Will also pull a trailer for larger loads of lumber.


----------



## Lazyman (Aug 8, 2014)

I've got a 2002 Honda Odyssey minivan that allows me to carry a couple of full 4×8 sheets of plywood if I take the middle row seats out and fold down the rear seat into the floor. It only takes a few seconds to remove or install the seats. I can also put a few 10' 2×6 boards down the center. I kept it rather than trading it in a few years back specifically because of this capability. Unfortunately, I am NOT able to load 60 inch baltic plywood inside but it does have a roof rack so for short trips that works well enough. It has 160k+ miles on it and have never even had it in the shop except for scheduled maintenance (brakes, oil changes, etc.). I expect to get another 50k on it at least.

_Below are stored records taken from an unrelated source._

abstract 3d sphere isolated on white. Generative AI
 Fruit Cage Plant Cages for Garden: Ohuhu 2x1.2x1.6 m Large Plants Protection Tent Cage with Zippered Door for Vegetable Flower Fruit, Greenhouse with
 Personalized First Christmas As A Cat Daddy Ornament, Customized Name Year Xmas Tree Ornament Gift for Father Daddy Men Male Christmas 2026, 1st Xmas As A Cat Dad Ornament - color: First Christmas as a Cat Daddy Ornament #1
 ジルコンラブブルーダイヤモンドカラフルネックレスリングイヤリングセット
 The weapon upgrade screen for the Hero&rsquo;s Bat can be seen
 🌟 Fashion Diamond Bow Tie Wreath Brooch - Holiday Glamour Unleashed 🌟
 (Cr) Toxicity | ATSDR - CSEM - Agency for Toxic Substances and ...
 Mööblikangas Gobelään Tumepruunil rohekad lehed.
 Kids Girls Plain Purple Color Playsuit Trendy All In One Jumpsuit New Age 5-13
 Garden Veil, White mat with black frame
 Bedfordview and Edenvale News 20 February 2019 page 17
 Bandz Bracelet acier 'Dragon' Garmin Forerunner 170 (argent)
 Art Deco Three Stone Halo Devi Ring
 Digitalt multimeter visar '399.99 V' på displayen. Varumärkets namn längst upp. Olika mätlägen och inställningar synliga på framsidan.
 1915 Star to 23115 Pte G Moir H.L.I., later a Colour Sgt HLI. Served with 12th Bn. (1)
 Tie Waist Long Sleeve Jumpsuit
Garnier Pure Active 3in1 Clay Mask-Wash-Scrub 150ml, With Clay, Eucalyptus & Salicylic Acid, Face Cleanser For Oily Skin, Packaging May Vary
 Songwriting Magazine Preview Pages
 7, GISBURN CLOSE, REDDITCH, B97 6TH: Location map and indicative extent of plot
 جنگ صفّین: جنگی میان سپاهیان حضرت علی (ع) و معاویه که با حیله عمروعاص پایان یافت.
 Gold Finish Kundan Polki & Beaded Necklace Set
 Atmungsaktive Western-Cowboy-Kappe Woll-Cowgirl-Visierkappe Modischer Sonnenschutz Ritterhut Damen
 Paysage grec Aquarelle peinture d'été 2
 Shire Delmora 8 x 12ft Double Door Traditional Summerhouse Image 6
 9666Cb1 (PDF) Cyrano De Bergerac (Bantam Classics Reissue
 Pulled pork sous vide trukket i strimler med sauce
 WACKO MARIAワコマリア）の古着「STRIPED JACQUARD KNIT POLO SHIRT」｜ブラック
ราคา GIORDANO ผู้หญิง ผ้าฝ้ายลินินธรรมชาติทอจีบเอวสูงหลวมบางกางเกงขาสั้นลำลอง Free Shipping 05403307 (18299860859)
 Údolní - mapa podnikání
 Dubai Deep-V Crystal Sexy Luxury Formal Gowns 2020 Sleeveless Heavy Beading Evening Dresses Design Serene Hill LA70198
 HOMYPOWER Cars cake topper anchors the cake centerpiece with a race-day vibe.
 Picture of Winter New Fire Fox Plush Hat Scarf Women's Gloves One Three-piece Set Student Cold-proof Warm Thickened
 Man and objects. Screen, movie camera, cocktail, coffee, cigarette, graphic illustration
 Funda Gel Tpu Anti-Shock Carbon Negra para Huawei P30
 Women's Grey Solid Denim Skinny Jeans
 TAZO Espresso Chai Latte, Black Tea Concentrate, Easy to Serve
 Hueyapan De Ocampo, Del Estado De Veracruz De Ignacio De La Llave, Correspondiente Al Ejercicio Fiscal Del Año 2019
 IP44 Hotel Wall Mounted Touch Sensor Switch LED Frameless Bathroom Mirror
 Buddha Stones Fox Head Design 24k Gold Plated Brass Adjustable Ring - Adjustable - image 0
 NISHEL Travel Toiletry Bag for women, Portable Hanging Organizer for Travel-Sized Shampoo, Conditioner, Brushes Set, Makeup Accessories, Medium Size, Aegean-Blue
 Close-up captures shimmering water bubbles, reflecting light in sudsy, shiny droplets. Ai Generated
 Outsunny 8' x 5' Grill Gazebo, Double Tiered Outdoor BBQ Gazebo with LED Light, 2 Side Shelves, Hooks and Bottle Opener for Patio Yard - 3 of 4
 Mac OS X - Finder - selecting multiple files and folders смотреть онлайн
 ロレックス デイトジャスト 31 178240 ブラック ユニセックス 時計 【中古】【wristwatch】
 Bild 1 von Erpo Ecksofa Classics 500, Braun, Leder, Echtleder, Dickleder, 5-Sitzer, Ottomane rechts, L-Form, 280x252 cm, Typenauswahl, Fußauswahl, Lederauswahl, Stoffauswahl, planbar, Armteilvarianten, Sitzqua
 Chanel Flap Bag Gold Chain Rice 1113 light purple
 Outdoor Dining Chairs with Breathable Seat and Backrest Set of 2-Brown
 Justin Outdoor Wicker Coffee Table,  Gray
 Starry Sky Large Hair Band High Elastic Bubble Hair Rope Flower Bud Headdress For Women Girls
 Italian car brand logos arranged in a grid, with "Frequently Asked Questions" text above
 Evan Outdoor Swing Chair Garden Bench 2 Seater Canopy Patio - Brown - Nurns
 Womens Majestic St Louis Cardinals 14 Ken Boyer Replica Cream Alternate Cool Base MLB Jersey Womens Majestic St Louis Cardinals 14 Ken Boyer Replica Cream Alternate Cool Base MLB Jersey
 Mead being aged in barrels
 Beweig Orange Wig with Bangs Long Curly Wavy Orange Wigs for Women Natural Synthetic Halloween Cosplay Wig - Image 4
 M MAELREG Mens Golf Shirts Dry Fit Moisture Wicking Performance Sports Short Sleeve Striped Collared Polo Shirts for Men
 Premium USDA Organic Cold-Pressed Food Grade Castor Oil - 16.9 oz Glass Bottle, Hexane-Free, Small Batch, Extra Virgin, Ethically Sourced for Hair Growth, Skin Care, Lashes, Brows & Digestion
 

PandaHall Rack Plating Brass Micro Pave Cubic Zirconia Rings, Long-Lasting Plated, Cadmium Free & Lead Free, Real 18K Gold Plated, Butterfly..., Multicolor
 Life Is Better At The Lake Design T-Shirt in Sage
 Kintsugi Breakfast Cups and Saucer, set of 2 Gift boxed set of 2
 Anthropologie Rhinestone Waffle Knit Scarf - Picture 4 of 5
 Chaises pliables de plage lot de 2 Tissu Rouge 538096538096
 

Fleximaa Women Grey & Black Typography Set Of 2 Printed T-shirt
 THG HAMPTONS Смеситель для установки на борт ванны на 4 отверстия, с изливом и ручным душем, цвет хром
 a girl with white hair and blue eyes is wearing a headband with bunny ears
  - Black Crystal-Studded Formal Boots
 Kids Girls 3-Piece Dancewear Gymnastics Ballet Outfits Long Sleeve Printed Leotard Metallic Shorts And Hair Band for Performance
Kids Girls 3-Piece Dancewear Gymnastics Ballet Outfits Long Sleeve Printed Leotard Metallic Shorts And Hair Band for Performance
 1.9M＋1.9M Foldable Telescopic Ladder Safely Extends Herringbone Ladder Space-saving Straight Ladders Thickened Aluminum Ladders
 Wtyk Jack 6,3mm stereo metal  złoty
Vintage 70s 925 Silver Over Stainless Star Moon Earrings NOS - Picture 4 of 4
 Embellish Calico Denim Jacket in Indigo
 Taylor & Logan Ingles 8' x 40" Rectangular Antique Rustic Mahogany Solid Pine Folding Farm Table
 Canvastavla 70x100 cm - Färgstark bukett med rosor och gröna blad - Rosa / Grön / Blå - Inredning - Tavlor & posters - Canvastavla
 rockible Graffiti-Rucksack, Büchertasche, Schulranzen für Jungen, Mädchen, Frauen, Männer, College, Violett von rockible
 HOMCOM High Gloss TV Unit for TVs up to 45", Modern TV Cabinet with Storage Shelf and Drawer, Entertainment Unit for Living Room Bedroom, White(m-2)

It was a great family vehicle when my kids were young and now it is used to haul stuff around. I would buy another one in a heartbeat.


----------



## YesHaveSome (Sep 10, 2017)

I fretted over a truck the last time I got a new car about a year ago. I've had trucks in the past and love them but I really wanted an SUV. Decided on an Lexus GX 460 and then went looking for trailer options. Ended up going with this one from Northern Tool: http://www.northerntool.com/shop/tools/product_200660343_200660343

It's great. Takes about five minutes to get all setup and tucks away nicely in my garage. I bought the steel version from NT as well as the one from HF. Once you get the wood on there they get pretty damn heavy to fold up. Sold those two and got the aluminium version. Much better. The aluminium version as well as HF's version fold the entire tongue assembly. The NT steel version does not so I had to do the folding and unfolding in the garage as it wouldn't fit through the door in the upright position. Depending on how messy the garage was it got interesting.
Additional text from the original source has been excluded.